On the second run, this wire demonstrated an increasing resistance with temperature - opposite of the wire in cell 1.0.

Are we ready to move forward and begin a loading?

Not quite.  I want to get a better grasp on cell 1.0 first.  Once I have an explanation I have more confidence in I will move on to loading and running the wires.

What is the calibration we are using going forward for the loading and live run with the Celani Wires?

Based on the calibration data, we have a great deal of confidence in using the T_Mica sensor to calculate power out.  It has shown to be very consistent at constant pressure.

When we took the 99% confidence limits in temperature and turned them around into watts, this is the results for each power level of the calibration runs.  The resulting precision of the calibration maxes out at under 1.5 watts out of 100 watts input.  At the 48 watt starting point for the live run, we'll be at a confidence interval under half a watt.  Not bad for this apparatus.  We achieved that by doing 27 transits of these steps.  And those were split between before and after the rebuild, even.

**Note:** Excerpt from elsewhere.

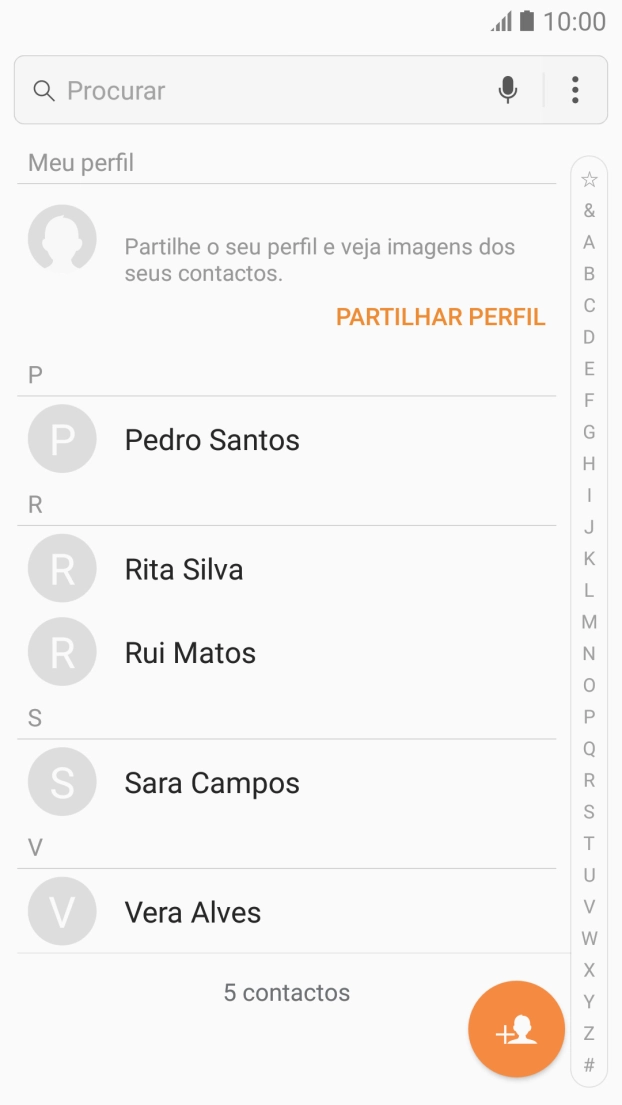 Prima o ícone de novo contacto.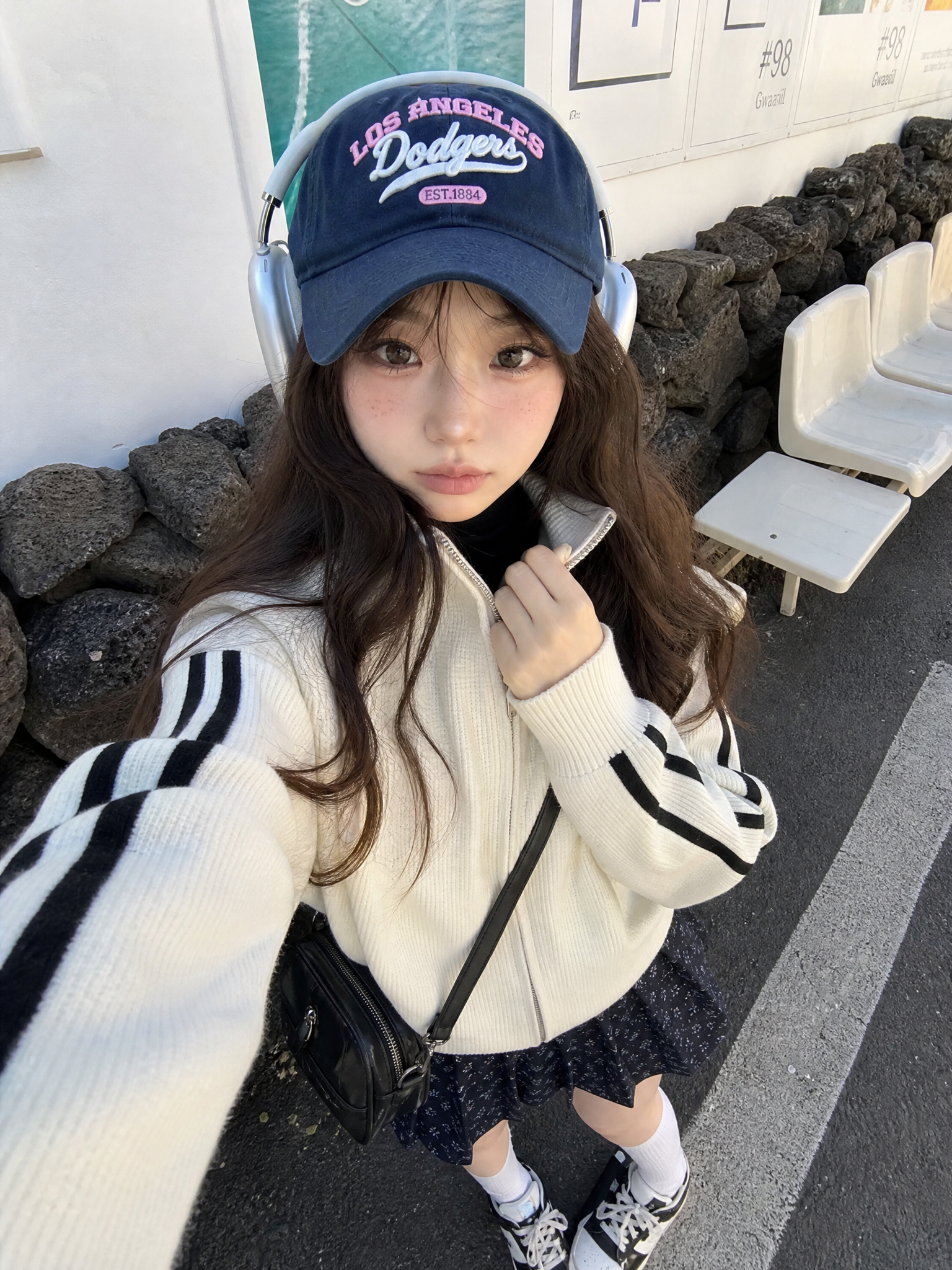 第一人称自拍视角，21岁年轻东亚甜妹，深棕色长卷发，冷白通透无… - 图片创意预览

While we chose T_mica for the automatic calculation, we will be linking the data directly into a spreadsheet here and calculating the P_out based on all 3 sensors simultaneously.  Once we get that smooth, maybe we can make it work on the outside data server and share it with anyone interested.

Calibration curve for the Thermal Shunt Calorimeter

Someone was asking for the calibration data for the calorimeter.  Here is the calibration data we have collected so far on the Thermal Shunt Calorimeter.  As a heat source, we put in electric band heaters. We did two step up and back down cycles.  The first cycle was 2 hours between steps.  The second cycle was 1 hour between steps.  

The output of the calorimeter is a voltage that is relatable to the heat flowing through the fins.   When we averaged the ups and downs, we ended up with this calibration curve.  The one hour and two hour curves fell almost right on top of each other.   Then, for each cycle we subtracted the downs from the ups to see how settled the points were.  Surprisingly, there wasn't much difference between them.

 Like I mentioned, before, though, the device is susceptible to thermal noise like small air currents.  Below is a graph of P_xs calculated from the calibration curve above over a couple days of constant power input at 29.41 W.  We see quiet periods at night and very noisy periods during the day. This gives us a resolution of +/- 0.5 watts even while it sits on a table in the middle of a busy shop.  Not bad.

This is not a definitive calibration study, but instead, a first glimpse at it.  We intend to build a constant temperature chamber to remove as much thermal noise as possible and then run the calibration a few times with heat sources in different locations to see how it responds. 

This should be enough to stimulate a lot of thoughts.  Keep the suggestions coming.